According to a recent report from Chainalysis, 2022 saw a surge in cryptocurrency heists, with North Korean state-backed hackers and vulnerabilities in decentralized finance (DeFi) protocols playing a significant role in the record-breaking thefts. The blockchain analysis company provided a sneak peek of the data ahead of its annual crypto crime report.
Last year, a total of $3.8 billion was stolen from cryptocurrency firms, with a staggering 82% of the thefts attributed to weaknesses in DeFi protocols. This marked an increase from the previous year’s figure of 73%. North Korean hackers were responsible for stealing $1.7 billion, the majority of which ($1.1 billion) was obtained through attacks on DeFi platforms. The attack on Ronin Network in March alone cost the firm $618 million.

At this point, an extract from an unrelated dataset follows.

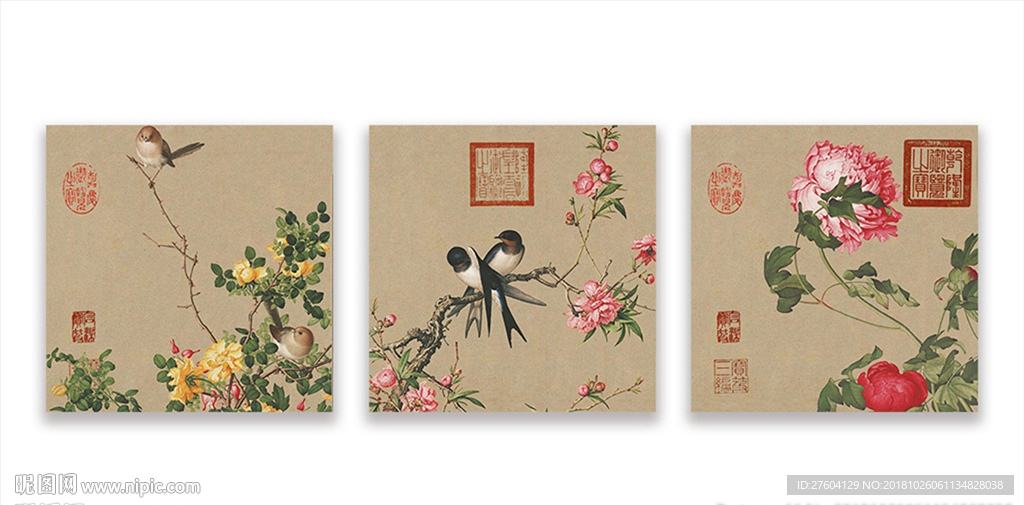 中国风水墨手绘花鸟工笔装饰画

Chainalysis highlighted that cross-chain bridge protocols, such as the ones targeted in the Ronin Network attack, accounted for 64% of DeFi protocol breaches. These protocols allow users to transfer their cryptocurrency from one blockchain to another by locking assets into a smart contract on the original chain and minting equivalent assets on the second chain. However, these bridges have become prime targets for hackers due to the centralized nature of the smart contracts, making them lucrative honeypots for malicious actors.
The report emphasized the importance of code auditing by third-party providers and developers focusing on security rather than rapid growth to mitigate these risks. Although the transparency of DeFi smart contract code aids in identifying vulnerabilities, it also allows threat actors to exploit these weaknesses.

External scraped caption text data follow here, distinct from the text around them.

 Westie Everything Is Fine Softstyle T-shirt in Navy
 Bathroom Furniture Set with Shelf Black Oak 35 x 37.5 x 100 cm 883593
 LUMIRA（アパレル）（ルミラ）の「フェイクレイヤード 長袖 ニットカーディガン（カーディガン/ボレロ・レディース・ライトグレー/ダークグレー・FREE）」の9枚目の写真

Additionally, Chainalysis revealed that North Korean hackers often use “mixers” to launder stolen cryptocurrency. Mixers blend digital currencies from multiple users to obfuscate their origins, making it difficult to trace the illicit funds. When a mixer favored by North Korea, Tornado Cash, was sanctioned by the US in August 2022, hackers simply shifted to another mixer called Sinbad.
The use of mixers as money laundering tools has garnered regulatory attention, underscoring the need for increased scrutiny and oversight in the cryptocurrency space. As the landscape continues to evolve, addressing vulnerabilities in DeFi protocols and implementing robust security measures will be crucial in safeguarding against future cryptocurrency heists.